--- Your instructions ---
Please transcribe the data that follows without the pictures, keeping every word the same.

(The data)

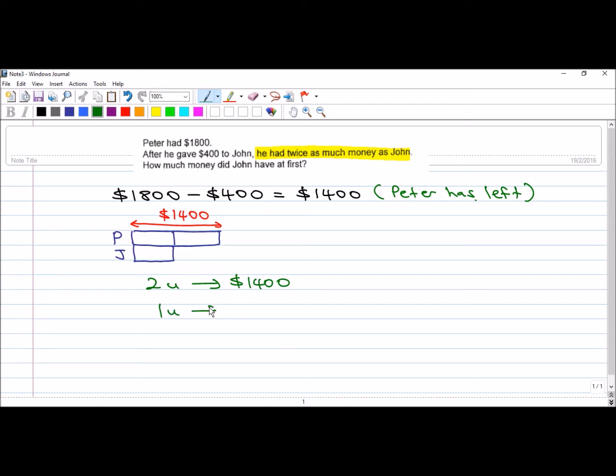So, you have to find 1 unit. $1,400 divided by 2. You have to find out that each unit is $700.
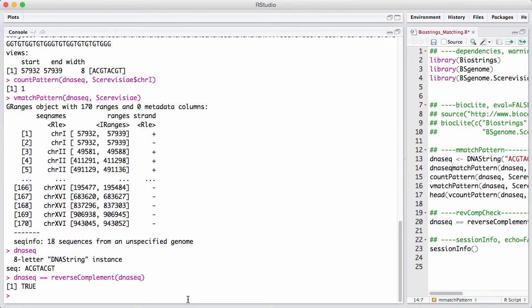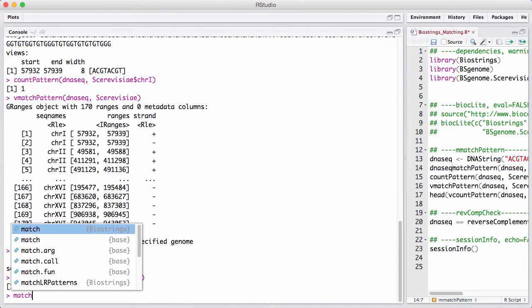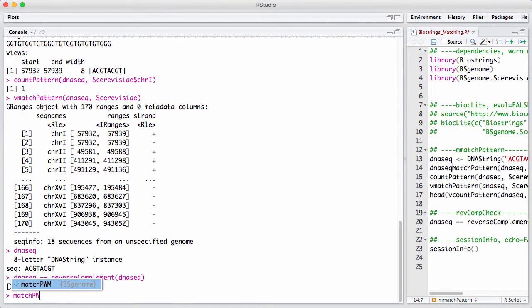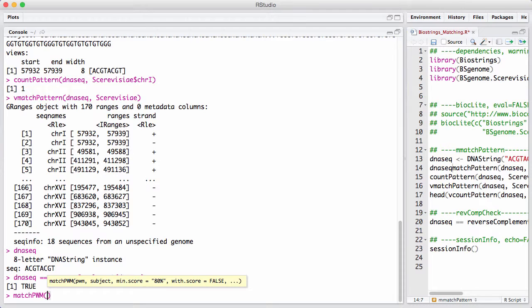There's another set of matching procedures in BioConductor that are a little bit more esoteric, but can be very useful when you need it. There's something called matchPwm, or position weight matrix.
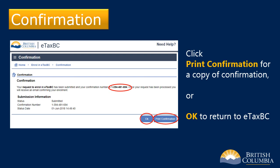From there, you can log on using the username and password you've just created and begin applying for the Speculation and Vacancy Tax Credit for non-BC residents.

(End The data)

--- Solution ---
So, you have to find 1 unit. $1,400 divided by 2. You have to find out that each unit is $700.
There's another set of matching procedures in BioConductor that are a little bit more esoteric, but can be very useful when you need it. There's something called matchPwm, or position weight matrix.
From there, you can log on using the username and password you've just created and begin applying for the Speculation and Vacancy Tax Credit for non-BC residents.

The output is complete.